- Entries shown:

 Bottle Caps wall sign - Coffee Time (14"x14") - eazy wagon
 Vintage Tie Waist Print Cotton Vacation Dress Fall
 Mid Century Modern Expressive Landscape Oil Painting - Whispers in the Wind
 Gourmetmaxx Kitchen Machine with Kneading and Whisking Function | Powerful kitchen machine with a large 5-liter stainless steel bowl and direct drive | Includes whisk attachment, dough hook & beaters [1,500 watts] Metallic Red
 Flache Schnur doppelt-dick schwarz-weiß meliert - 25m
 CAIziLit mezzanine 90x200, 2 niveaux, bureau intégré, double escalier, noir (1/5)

...

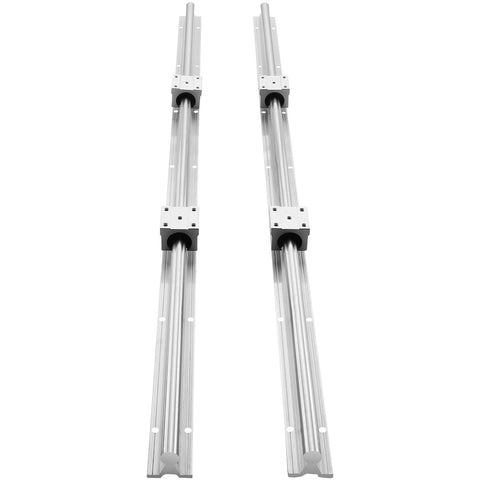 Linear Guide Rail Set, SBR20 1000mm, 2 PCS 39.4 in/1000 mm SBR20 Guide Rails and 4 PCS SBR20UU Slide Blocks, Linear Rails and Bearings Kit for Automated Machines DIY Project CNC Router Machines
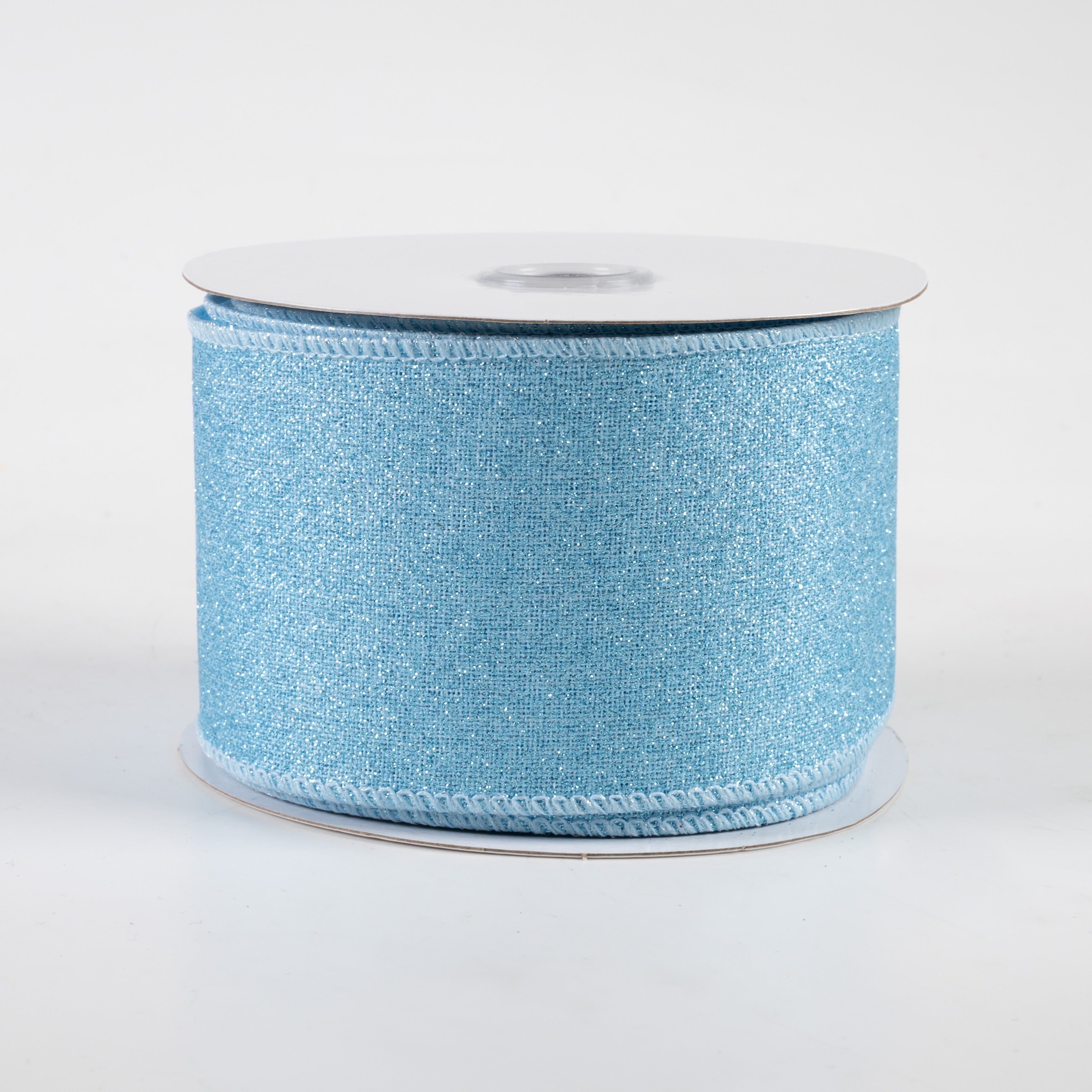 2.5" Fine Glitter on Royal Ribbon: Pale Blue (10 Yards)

...

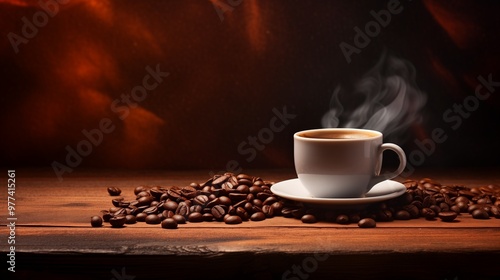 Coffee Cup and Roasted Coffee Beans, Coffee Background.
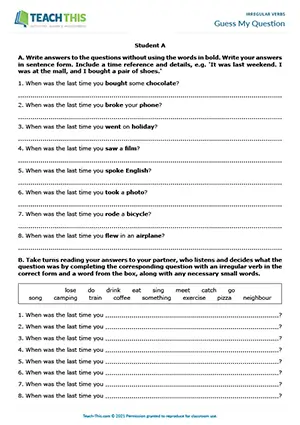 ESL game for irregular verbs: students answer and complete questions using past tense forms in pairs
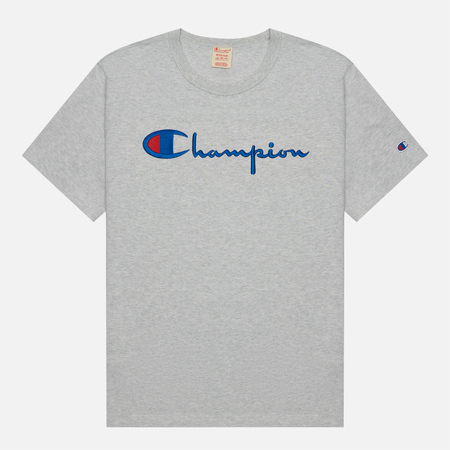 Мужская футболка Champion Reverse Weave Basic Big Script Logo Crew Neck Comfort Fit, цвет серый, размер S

- Problem to work on: Where the line holding "Bottle Caps wall" appears in the listing above, start reproducing exactly, and end with the line holding "Mid Century Modern".

- Answer for this exercise:
 Bottle Caps wall sign - Coffee Time (14"x14") - eazy wagon
 Vintage Tie Waist Print Cotton Vacation Dress Fall
 Mid Century Modern Expressive Landscape Oil Painting - Whispers in the Wind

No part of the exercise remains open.